Millions of dollars were raised to support Wildfire recovery. Was it impactful?
The focus of the money that came in was to generally stop the bleeding, to provide some sense of normalcy in chaos. In general, the intention was to get us back on our feet. However, as I mentioned, normalcy wasn’t working to begin with. The problem is that our working-class immigrant community was already living in a state of crisis from decades of exploitation from low wages, high rent, and unequal distribution of power. We need to be even more visionary in how we define a Just Recovery and how we invest our philanthropic resources.
What is a Just Recovery?
A Just Recovery takes into account the voices of those most affected by the disaster and prioritizes justice for people and the planet. A Just Recovery looks at systemic issues and creates avenues for people to push for policies that will further protect our people and our planet- things like higher wages, rent control, environmental protections, and immigrant protections, while at the same time re-imagining how we tend to the land, how we de-commodify housing, and how we might share control over means of production. A Just Recovery uses the disaster as a unique opportunity to organize, bring attention to the issues, and together, reimagine the future.

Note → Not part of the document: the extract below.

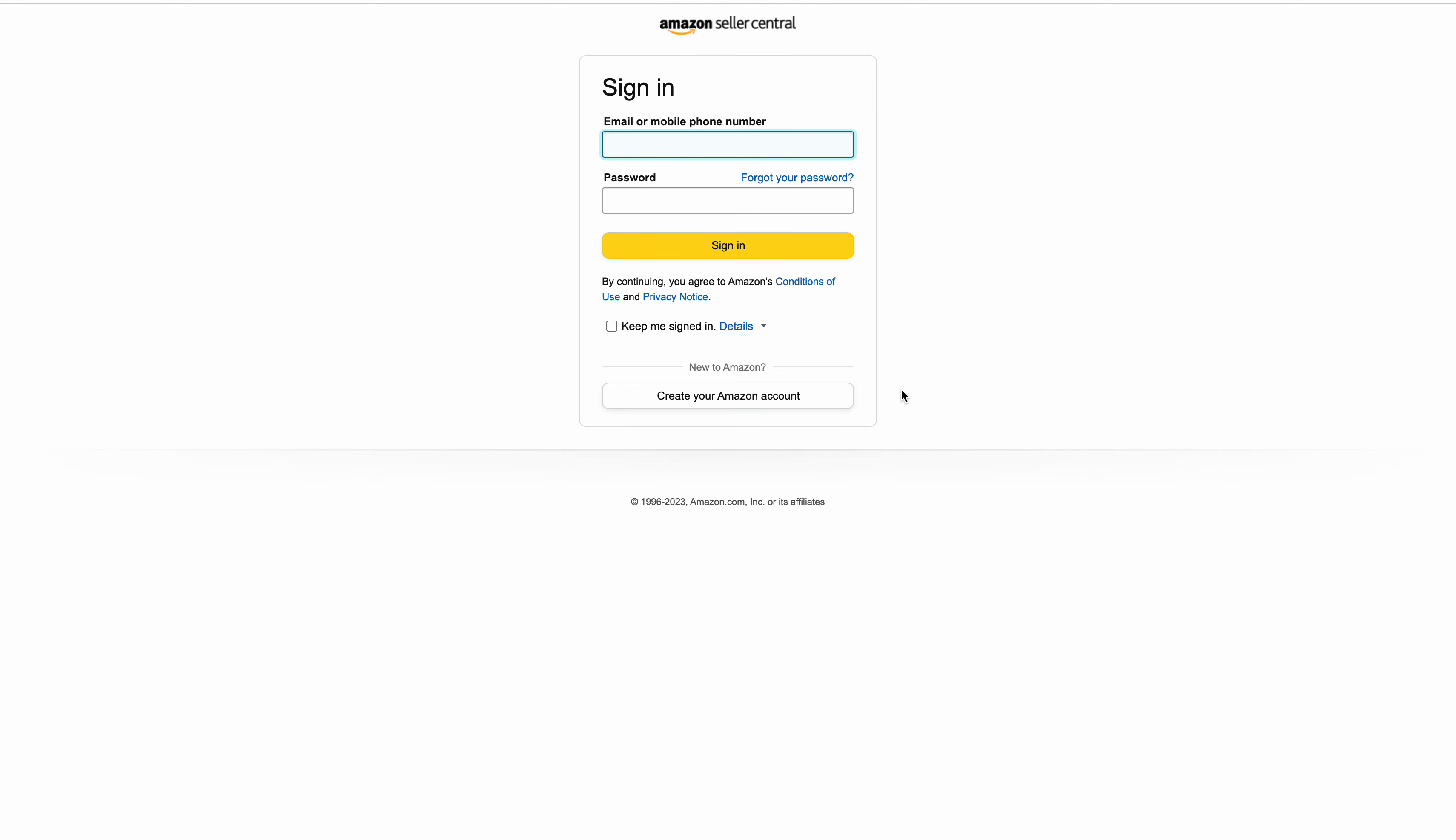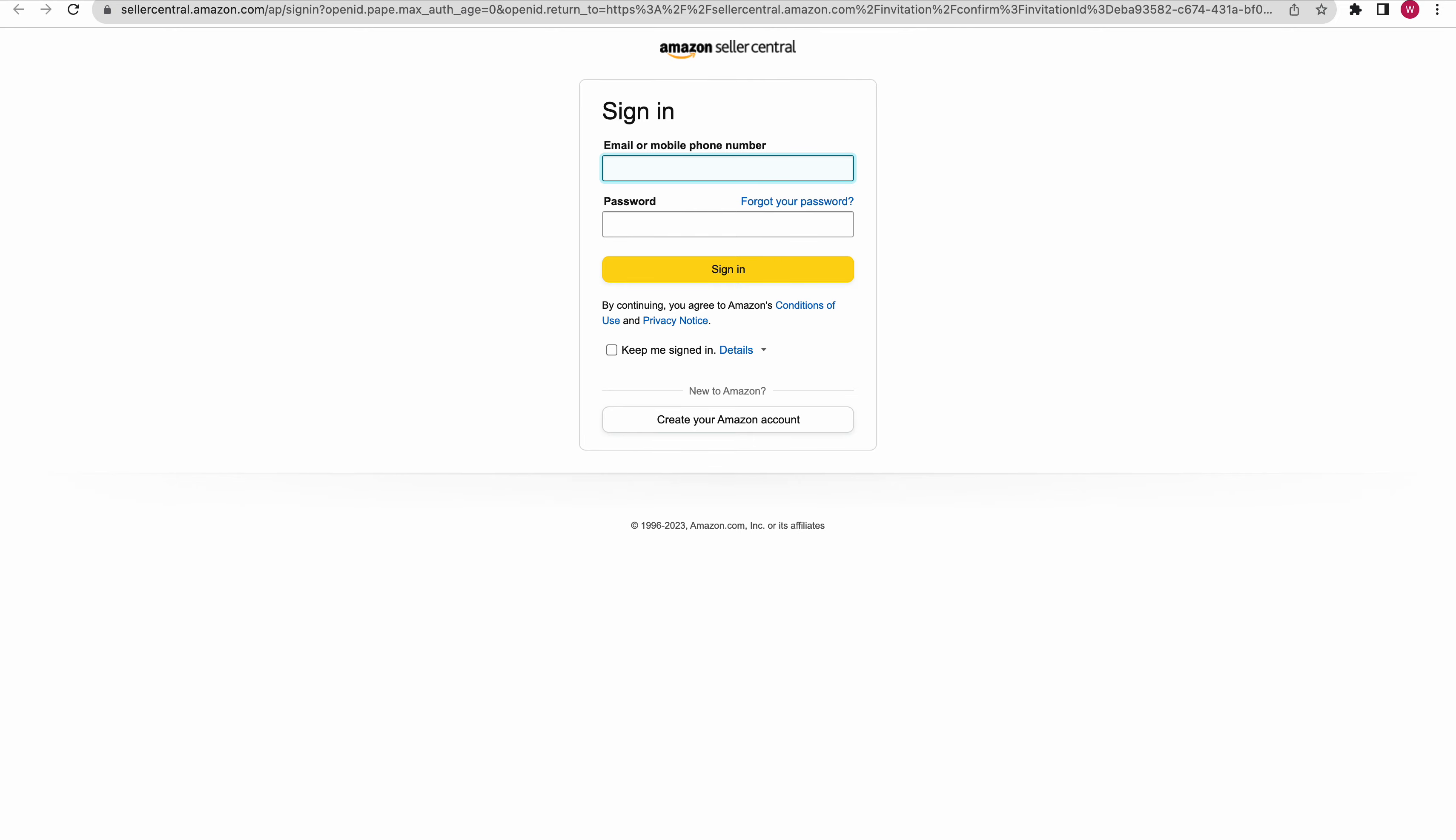So this was how to make a child access in Amazon Seller Central. Thanks for watching.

What advice do you have for folks in philanthropy who want to fund a Just Recovery?
Real change will take a significant investment in grassroots organizing that gives people a sense of their own power and path towards lasting change. Funders need to invest in organizing and long-term civic engagement that develops leaders, engages residents in local efforts and helps to increase voter education and participation. Funders can take bigger risks and invest in new initiatives and people-led solutions.
If we have resources that are flexible, we can make magic happen. We know our own eco-systems. We are the soul and culture workers who are leading with love, energy, and enthusiasm. If we have trust and flexibility, we can win concrete changes for our communities. That’s what we are fighting for.
What does success look like?
Napa and Sonoma county would be a place where housing is abundant, affordable, and dignified. Where our natural resources are protected and prioritized. Where our workforce can raise families and thrive, not just survive. Success is when all of us are taken into account when it comes to the future of our country and the future of our democracy.
We need to keep developing the base of the people that are involved in building community and sharing power in every corner of Sonoma and Napa county. The current leadership is not representative of working class and Latino communities. It’s on us to change that ourselves.
Are you hopeful about the future?
I don’t have a choice but to be hopeful, despair isn’t an option.
We have so much brilliance all around us. We have so many courageous and caring humans who are acting with their values. I have no doubt that we’re going to win, that the future will belong to those who cultivate right relationship amongst people and planet. Join us!